Ad accompagnare Bad Bunny sul palco principale c'erano i Los Sobrinos, l'orchestra di salsa portoricana composta da tredici musicisti, tutti under 25, guidati da "Big" Jay Anthony Núñez e diretti da Julito Gastón. Con lui anche i Los Pleneros de la Cresta, per un impianto sonoro che intreccia salsa, plena e tradizione caraibica alla base del reggaeton. Il risultato è un primo blocco di show con fiati, percussioni e cori dal vivo che restituiscono peso e storia a brani come "Nuevayol" e "Baile Inolvidable".

L'omaggio a Modugno

Uno dei momenti più sorprendenti della serata è arrivato quando uno dei musicisti della band ha imbracciato il cuatro, il tradizionale strumento a corde portoricano, per intonare le note di "Nel blu dipinto di blu" di Domenico Modugno. Tutti insieme abbiamo cantato «volareeee» in coro, in un cortocircuito culturale che ha unito la melodia italiana per eccellenza alle sonorità caraibiche del reggaeton. Un omaggio breve ma che ha lasciato il segno, dimostrando quanto Bad Bunny curi i dettagli quando porta il suo show in un nuovo paese.

L'energia nella casita

Questa volta la casita, la riproduzione della tradizionale abitazione portoricana già vista al Super Bowl, non era posizionata sul palco ma in mezzo al prato, tra il pubblico. Una scelta che da un lato ha spiazzato chi aveva acquistato un biglietto gold pit aspettandosi di restare più vicino all'azione, dall'altro ha reso l'esperienza più democratica: più della metà del concerto si è svolta lì, con Bad Bunny circondato dai ballerini come in una vera festa di quartiere. Il momento più emozionante è arrivato quando ha scelto una ragazza tra la folla e l'ha abbracciata.

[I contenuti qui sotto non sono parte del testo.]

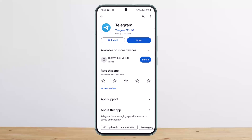First things first, what you'll have to know is: you can't make a Telegram account without a phone number. You'll have to have a number in order to use Telegram, so you'll have to use your phone number to log into Telegram. If you don't own a number, or if you don't want to use your private number, there is something you can do.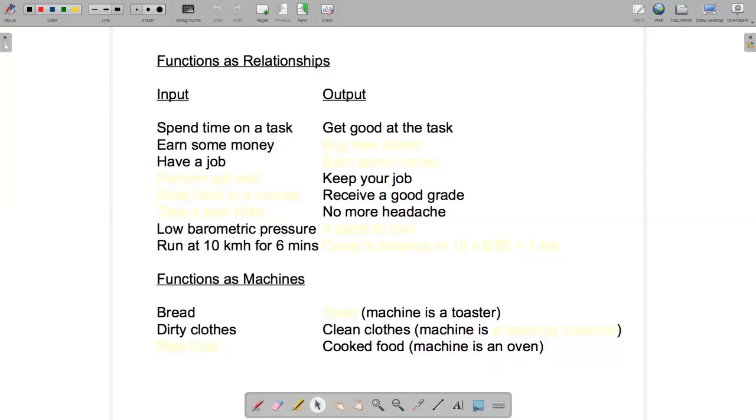In the first part of this video, I'm going to talk about functions as relationships and functions as machines. In the second part, we'll go on to talk about functions as equations and functions as graphs.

Il climax musicale al tramonto

Dal reggaeton in grande stile con l'orchestra si è passati, con l'arrivo della casita, a un registro più intimo e clubbing, tra Diles, Tití Me Preguntó e Yo Perreo Sola. Il picco è arrivato con Mónaco, l'unico brano tratto da Nadie Sabe Lo Que Va a Pasar Mañana rimasto in scaletta: proprio mentre il sole calava sull'Ippodromo, il pubblico ha ballato come non mai, chiudendo il cerchio di una serata che aveva unito radici e presente, orchestra e club, Porto Rico e Milano.